----- Input for this task

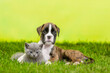 German boxer puppy hugs kitten on green summer grass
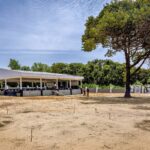 CE60446C-9029-467B-B58E-6914BFCAFE76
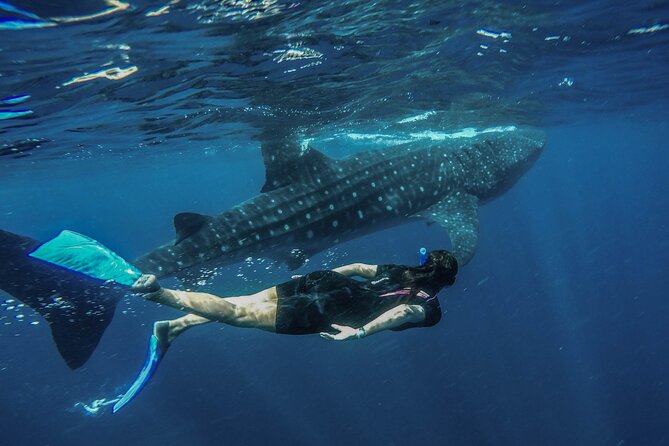 Whale Shark Encounter Full-Day all inclusive Tour from Riviera Maya - Isla Mujeres Break: Snorkel, Lunch, and Playa Norte Views
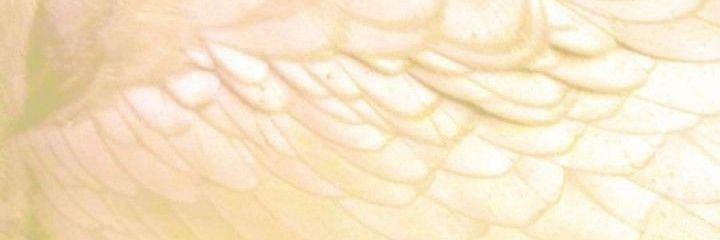 miikisayaka's profile banner image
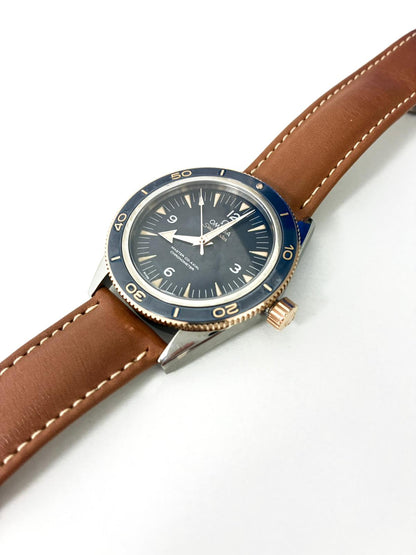 Omega Seamaster 300 Master Chronometer 41 MM 233.62.41.21.03.001 2025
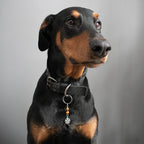 TIGER EYE (Pentagram) Dog Amulet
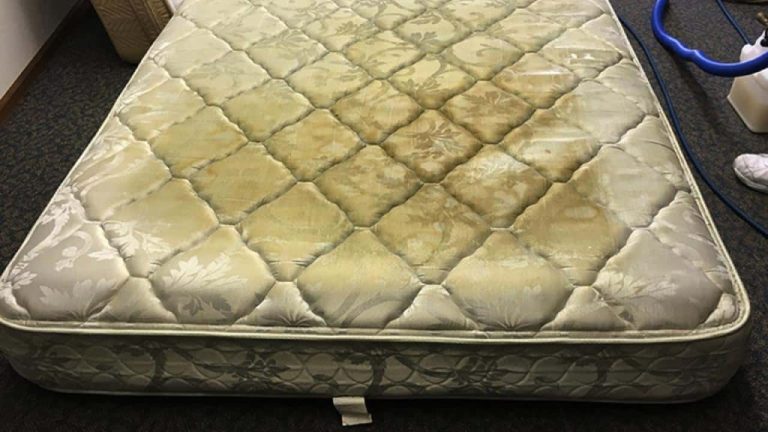 Découvrez ce que renferme votre matelas : le nettoyage, un must absolu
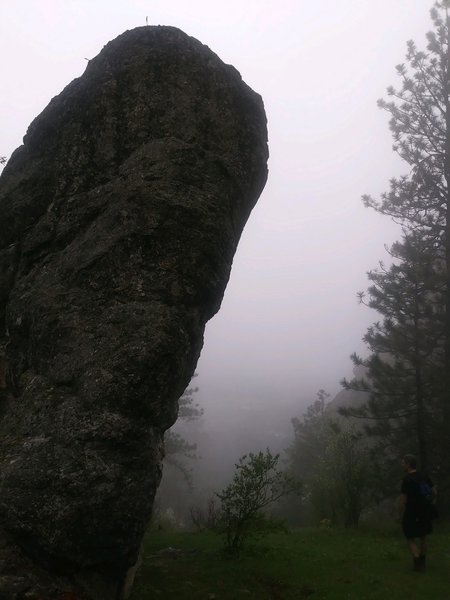A misty day in spring. Nicole took this awesome picture of one of the shorter climbing rocks.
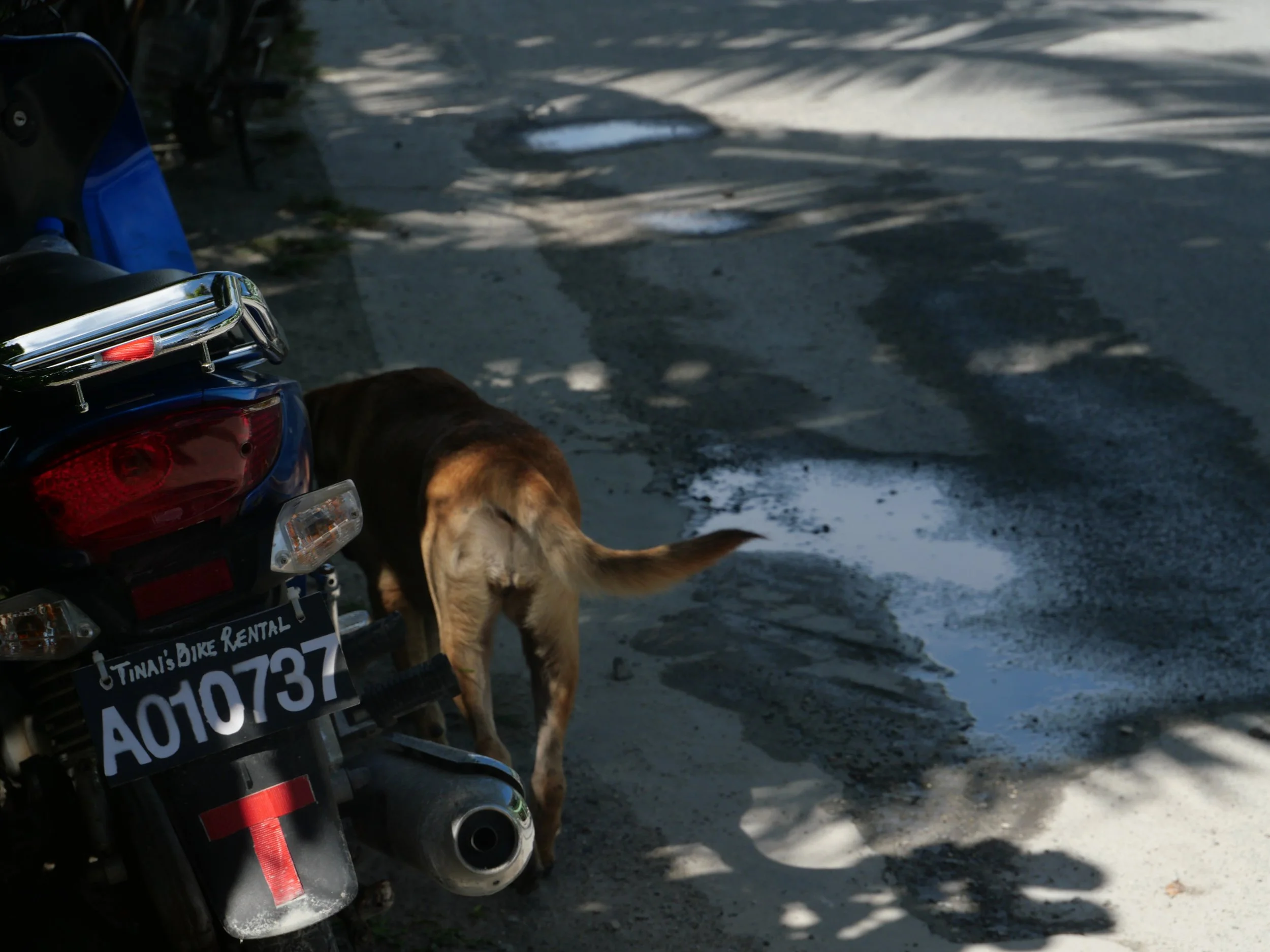 The Shared Ground Project Tuvalu
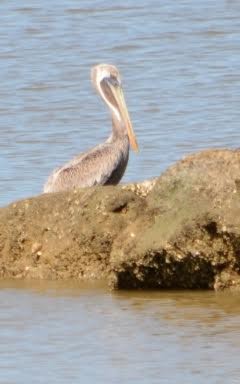 Brown Pelican - Xavier Ragbir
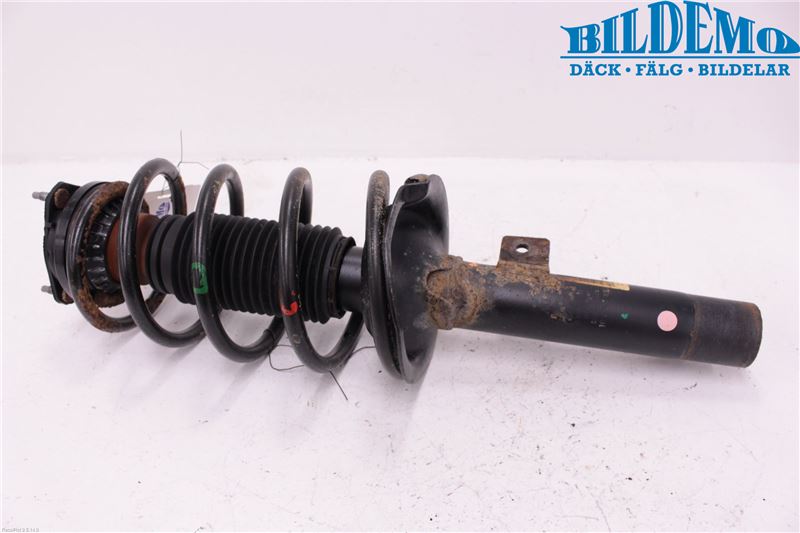 Fjederben for FORD TRANSIT CONNECT (P65_, P70_, P80_)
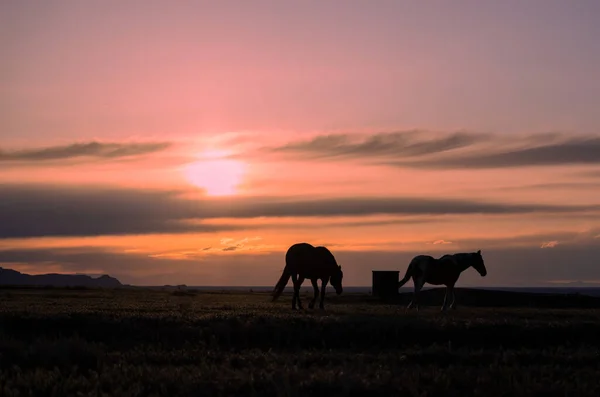 Wildpferde Bei Sonnenuntergang Der Wüste Von Utah — Stockfoto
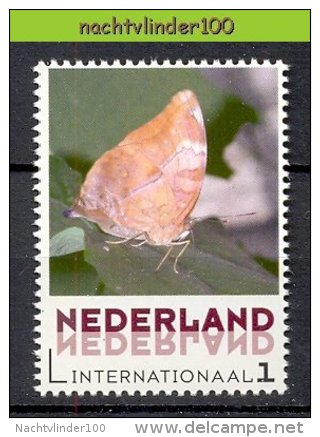 FG189 PERSOONLIJKE POSTZEGEL PERSONAL STAMP FAUNA VLINDERS BUTTERFLIES SCHMETTERLINGE MARIPOSAS PAPILIO NEDERLAND PF/MNH - Vlinders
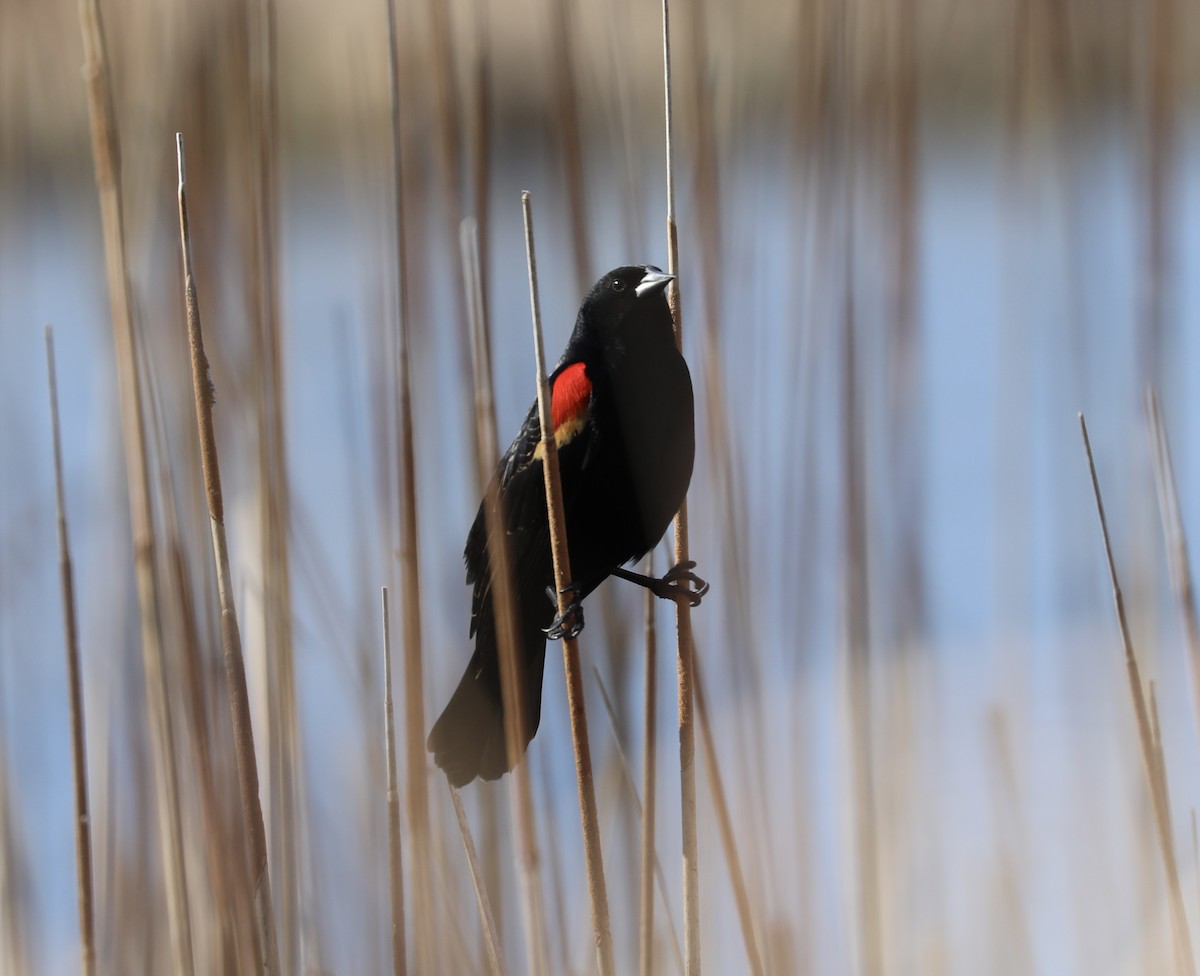 Red-winged Blackbird - ML616361786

----------

- [Exercise]:
Write out each record exactly as shown, but not its pictures.

- [Output below]:
 German boxer puppy hugs kitten on green summer grass
 CE60446C-9029-467B-B58E-6914BFCAFE76
 Whale Shark Encounter Full-Day all inclusive Tour from Riviera Maya - Isla Mujeres Break: Snorkel, Lunch, and Playa Norte Views
 miikisayaka's profile banner image
 Omega Seamaster 300 Master Chronometer 41 MM 233.62.41.21.03.001 2025
 TIGER EYE (Pentagram) Dog Amulet
 Découvrez ce que renferme votre matelas : le nettoyage, un must absolu
A misty day in spring. Nicole took this awesome picture of one of the shorter climbing rocks.
 The Shared Ground Project Tuvalu
 Brown Pelican - Xavier Ragbir
 Fjederben for FORD TRANSIT CONNECT (P65_, P70_, P80_)
 Wildpferde Bei Sonnenuntergang Der Wüste Von Utah — Stockfoto
 FG189 PERSOONLIJKE POSTZEGEL PERSONAL STAMP FAUNA VLINDERS BUTTERFLIES SCHMETTERLINGE MARIPOSAS PAPILIO NEDERLAND PF/MNH - Vlinders
 Red-winged Blackbird - ML616361786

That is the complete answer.